Purpose: Several preoperative prostate cancer nomograms have been developed that predict risk of progression using pretreatment prostate-specific antigen (PSA) level, clinical stage, and biopsy Gleason grade. We describe the development and performance of a new nomogram. The nomogram adds new markers to the standard clinical predictors that reflect the biologic behavior of prostate cancer: pretreatment plasma levels of interleukin-6 soluble receptor (IL6SR) and transforming growth factor beta1 (TGF-ß1).
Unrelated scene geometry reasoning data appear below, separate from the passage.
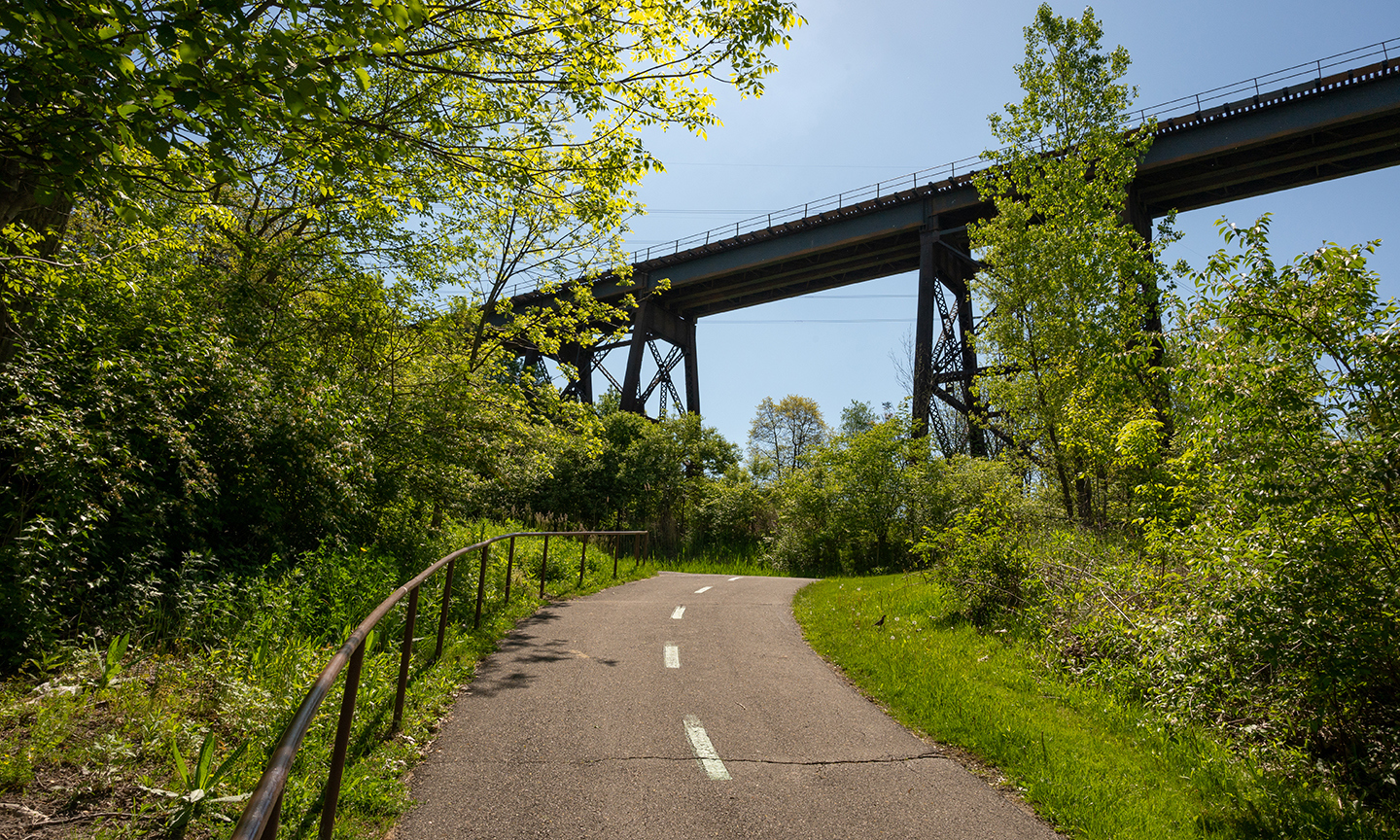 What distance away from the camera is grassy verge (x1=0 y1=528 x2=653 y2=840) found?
11.1 ft

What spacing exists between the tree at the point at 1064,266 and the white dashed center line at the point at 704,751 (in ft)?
26.9

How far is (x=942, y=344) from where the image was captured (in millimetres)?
26312

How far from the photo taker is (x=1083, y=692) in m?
6.30

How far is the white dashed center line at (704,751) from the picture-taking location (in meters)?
4.23

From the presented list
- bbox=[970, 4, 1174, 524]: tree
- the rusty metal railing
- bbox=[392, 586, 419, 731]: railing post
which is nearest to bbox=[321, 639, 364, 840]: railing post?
the rusty metal railing

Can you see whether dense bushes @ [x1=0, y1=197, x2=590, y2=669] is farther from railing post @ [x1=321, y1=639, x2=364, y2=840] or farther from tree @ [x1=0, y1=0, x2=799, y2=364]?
railing post @ [x1=321, y1=639, x2=364, y2=840]

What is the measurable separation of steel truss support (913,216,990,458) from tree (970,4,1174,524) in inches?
321

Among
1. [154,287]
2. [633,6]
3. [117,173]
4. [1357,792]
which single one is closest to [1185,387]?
[1357,792]

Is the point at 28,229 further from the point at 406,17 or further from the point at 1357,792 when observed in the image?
the point at 1357,792

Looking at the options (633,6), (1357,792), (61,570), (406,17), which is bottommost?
(1357,792)

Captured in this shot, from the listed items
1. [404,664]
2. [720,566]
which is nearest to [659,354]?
[720,566]

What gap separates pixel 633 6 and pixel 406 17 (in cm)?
282

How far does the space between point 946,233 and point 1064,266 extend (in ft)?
41.2

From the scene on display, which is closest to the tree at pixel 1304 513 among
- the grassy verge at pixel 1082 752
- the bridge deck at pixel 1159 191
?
the grassy verge at pixel 1082 752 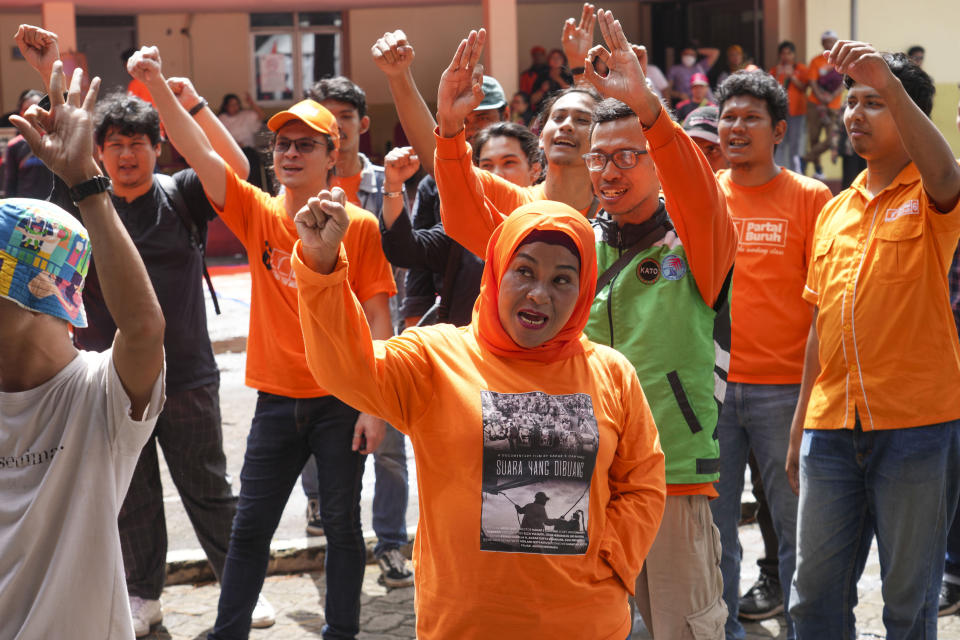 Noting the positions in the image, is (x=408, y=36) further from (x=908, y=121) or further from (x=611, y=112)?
(x=908, y=121)

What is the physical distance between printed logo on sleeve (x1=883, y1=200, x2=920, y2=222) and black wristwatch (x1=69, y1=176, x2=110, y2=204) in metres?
2.63

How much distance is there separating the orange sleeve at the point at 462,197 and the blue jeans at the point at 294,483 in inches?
42.9

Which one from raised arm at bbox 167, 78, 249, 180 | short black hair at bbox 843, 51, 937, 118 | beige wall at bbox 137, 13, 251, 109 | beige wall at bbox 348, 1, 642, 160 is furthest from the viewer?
beige wall at bbox 348, 1, 642, 160

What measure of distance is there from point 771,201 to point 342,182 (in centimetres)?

Patients and Methods: Between November 7, 1994 and December 22, 1997, 714 patients with stage cT1c to cT3a prostate cancer and no prior therapy were treated with radical prostatectomy at the Methodist Hospital, Houston TX. Plasma levels of IL6SR and TGF-ß1 were measured in banked preoperative plasma. With these data, a nomogram was developed to predict the probability of PSA progression within 5 years of surgery. The nomogram was validated with bootstrapping to assess its discrimination and calibration performance.

Results: In the multivariable Cox model, PSA (P = .004), IL6SR (P < .001), TGF-ß1 (P < .001), primary Gleason grade (P < .002), and secondary Gleason grade (P = .029) were associated with PSA progression, whereas clinical stage (P = .696) was not. The nomogram seemed to be well calibrated and had a bootstrap-corrected area under the receiver operating characteristic curve (ie, concordance index) of 0.83. For comparison, a nomogram that omitted IL6SR and TGF-ß1 achieved a concordance index of only 0.75.

Conclusion: We found that pretreatment plasma levels of IL6SR and TGF-ß1 improved the ability to predict biochemical progression by a prognostically substantial margin. A nomogram including the pretreatment levels of these molecular markers, along with standard clinical markers, has been developed and internally validated.

Supported in part by grants from the Austrian Science Fund, the Frost Foundation, Inc, and the National Cancer Institute Specialized Program of Research Excellence (SPORE CA58203).